==== Input material
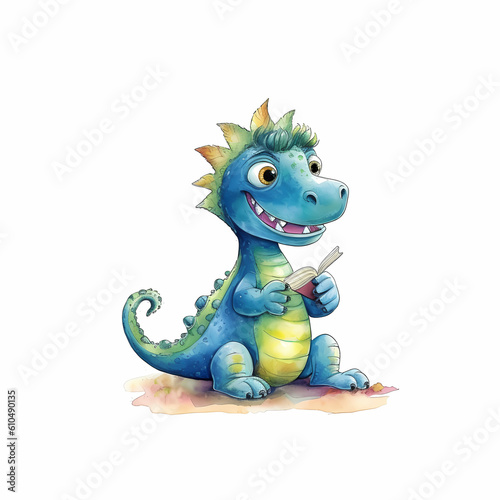 Drawing Dino Character Kids Style Cartoon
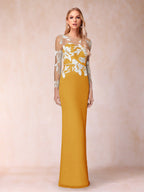 Guinevere Lark Gold front view mother of the bride dress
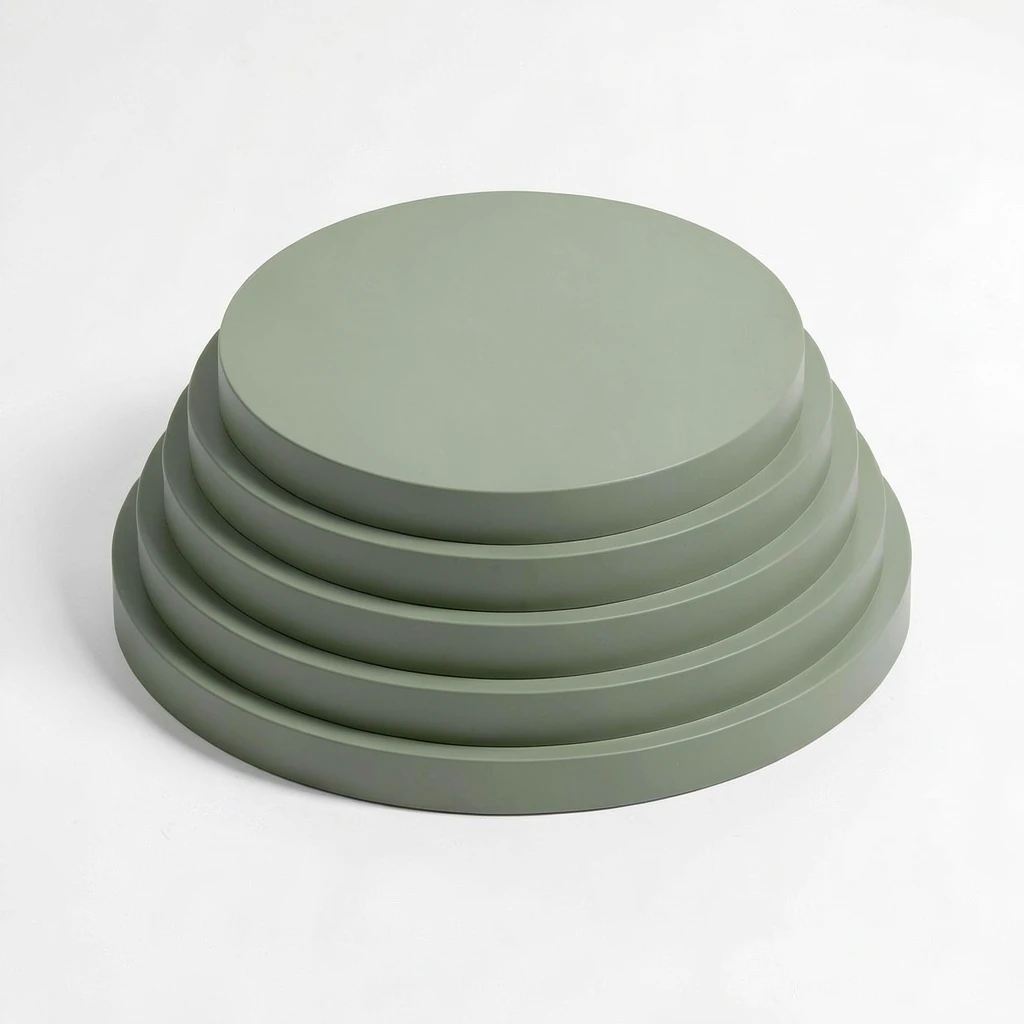 Ripple Mini Display Plinth — The full look. Sage/Sage reference finish; other colour combinations can be selected. Solid stepped display plinth, without a storage cavity or removable lid.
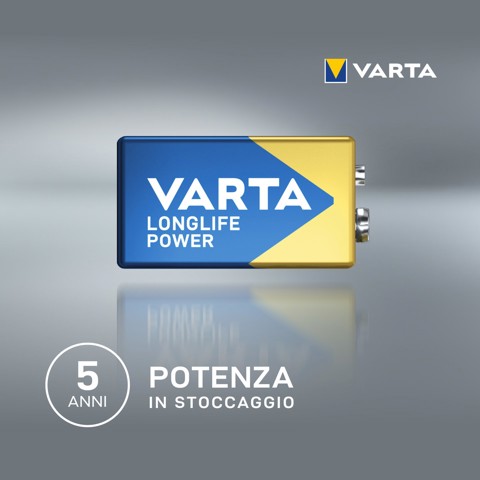 Varta Longlife Power, Batteria Alcalina, 9V, E-Block, 6LP3146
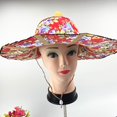 thumbnail image 4 of Ltdhehe 2 In 1 Portable Sun Hat Foldable Hand Fan Hat For Women Summer Flower Pattern Beach Hat For Travel Beach, 4 of 8
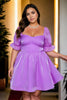 Aurora Plus Size Purple Shimmer Short Dress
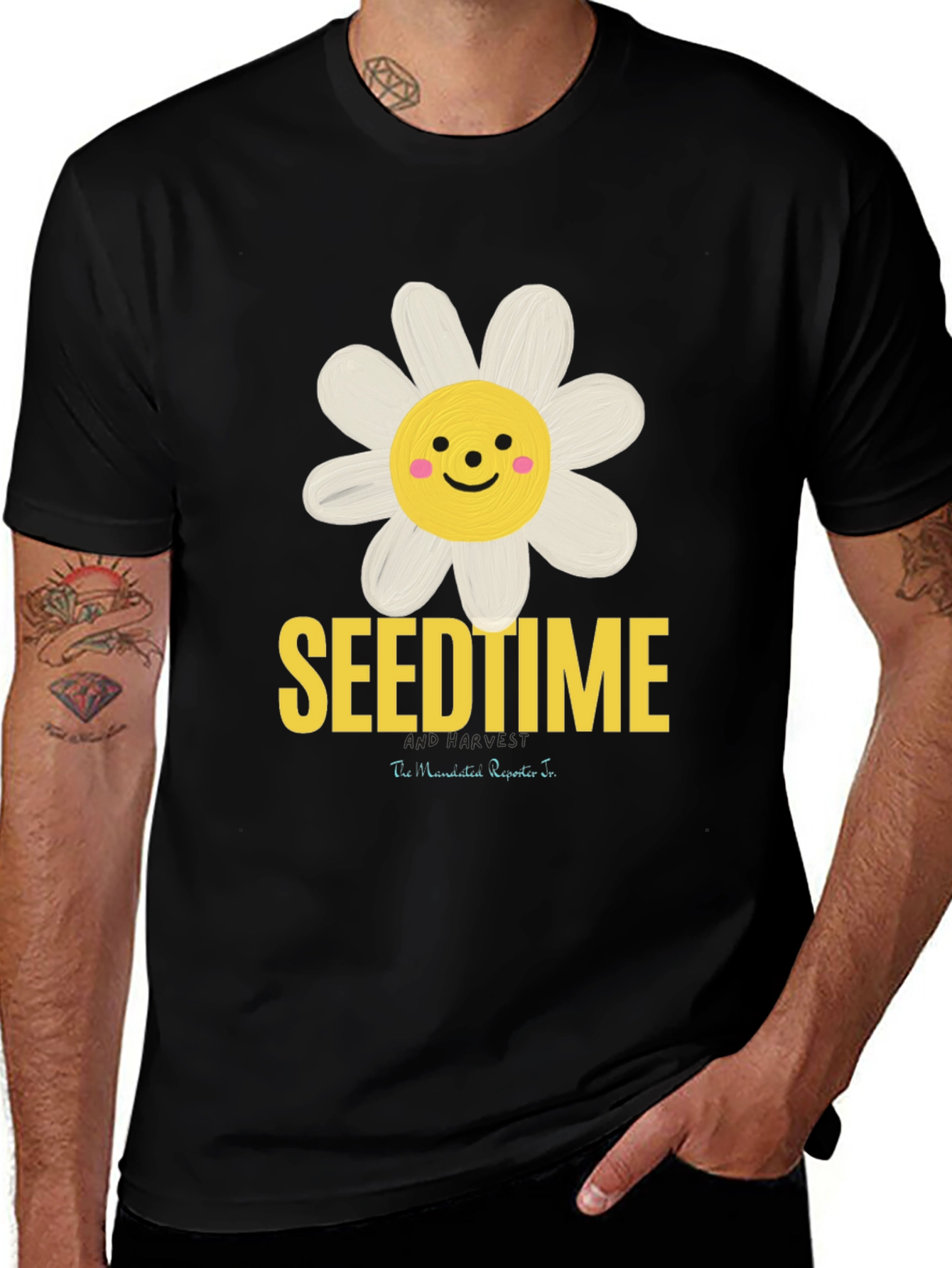 Variant 8 of SeendTime Daisy Graphic T-Shirt, Black Cotton Blend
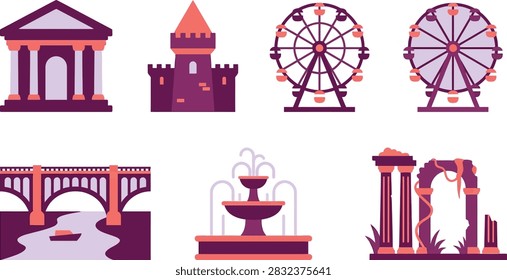 A collection of flat vector icons depicting various landmarks, buildings, and recreational structures including a castle, bridge, and ferris wheel.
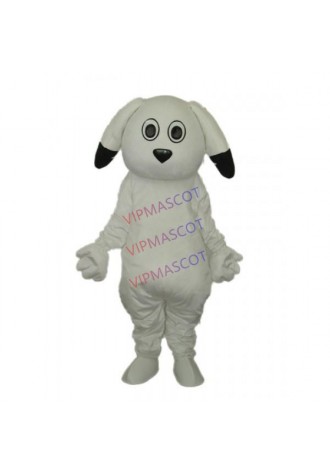 Black Ears White Dog Mascot Adult Costume Online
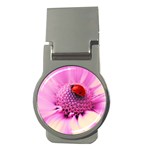 Ladybug On a Flower Money Clip (Round)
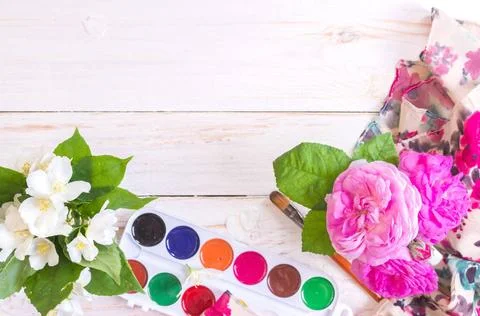  Workspace of creative worker Desk of creative worker. Paints, brush and f... 写真素材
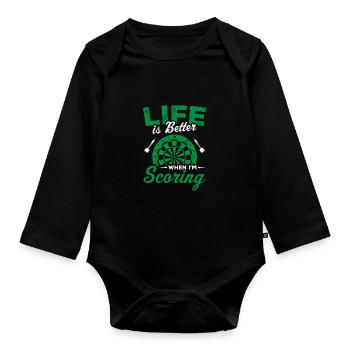 Life Is Better When I'm Darting Dart Player Darts - Organic Longsleeve Baby Bodysuit - black - Front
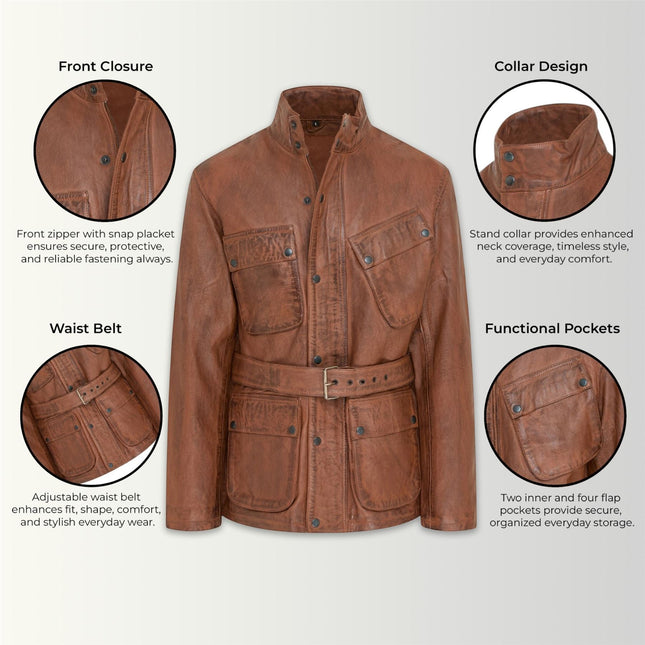 Men's Tan Lamb Leather Safari Parka Jacket - Edinburgh
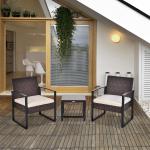 Reduzierte Braune Outsunny Lounge Gartenmöbel & Loungemöbel Outdoor aus Polyrattan mit Kissen 3-teilig 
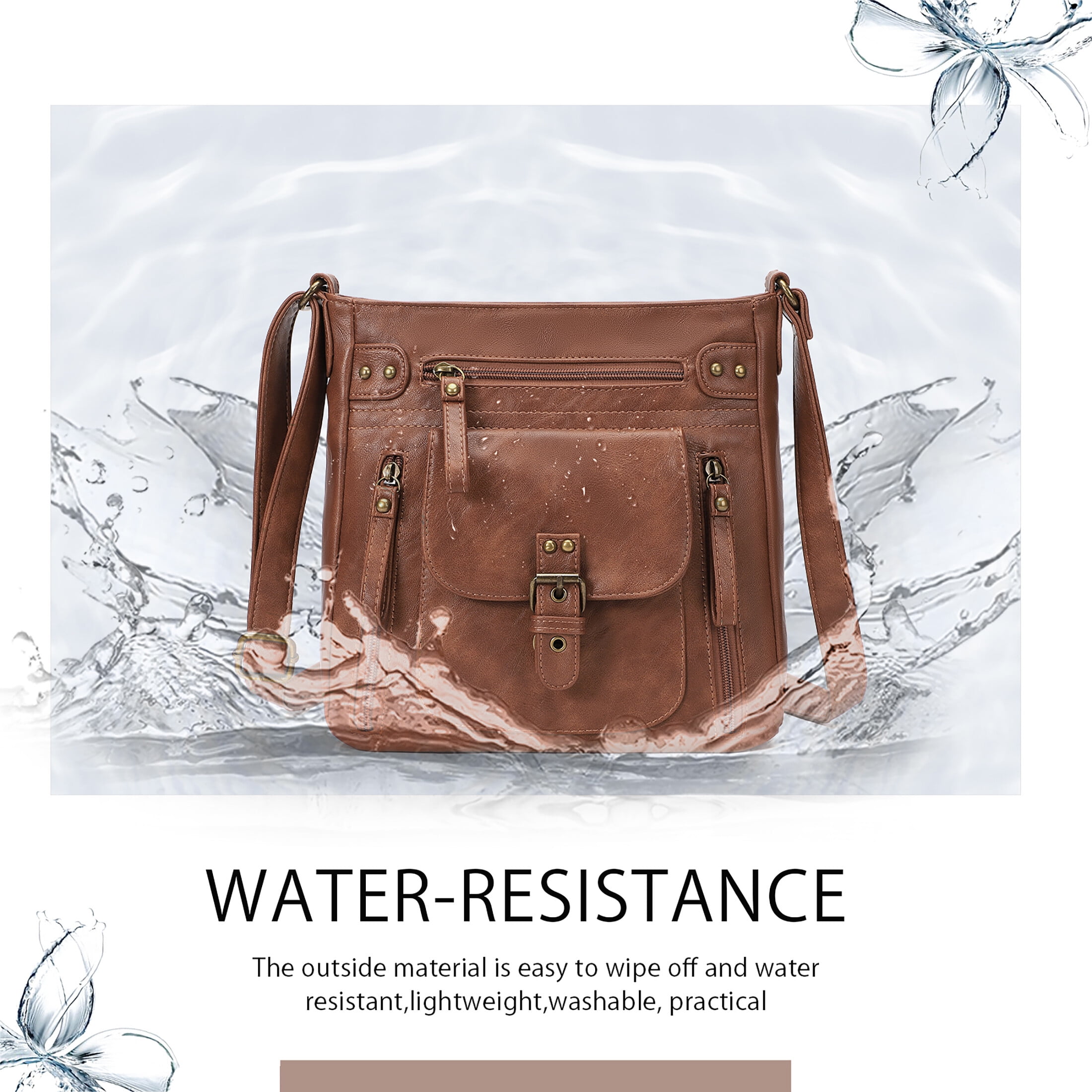 KL928 Medium Crossbody Purses for Women Handbag Leather Crossbody Shoulder Bags with Multi Pockets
========
* Brief: Omit the pictures and retype exactly the lines from the one containing "Aurora Plus Size Purple Shimmer Short Dress" through the end of the entries above.

* Problem solution:
 Aurora Plus Size Purple Shimmer Short Dress
 Variant 8 of SeendTime Daisy Graphic T-Shirt, Black Cotton Blend
 A collection of flat vector icons depicting various landmarks, buildings, and recreational structures including a castle, bridge, and ferris wheel.
 Black Ears White Dog Mascot Adult Costume Online
 Ladybug On a Flower Money Clip (Round)
  Workspace of creative worker Desk of creative worker. Paints, brush and f... 写真素材
 Life Is Better When I'm Darting Dart Player Darts - Organic Longsleeve Baby Bodysuit - black - Front
 Men's Tan Lamb Leather Safari Parka Jacket - Edinburgh
 Reduzierte Braune Outsunny Lounge Gartenmöbel & Loungemöbel Outdoor aus Polyrattan mit Kissen 3-teilig 
 KL928 Medium Crossbody Purses for Women Handbag Leather Crossbody Shoulder Bags with Multi Pockets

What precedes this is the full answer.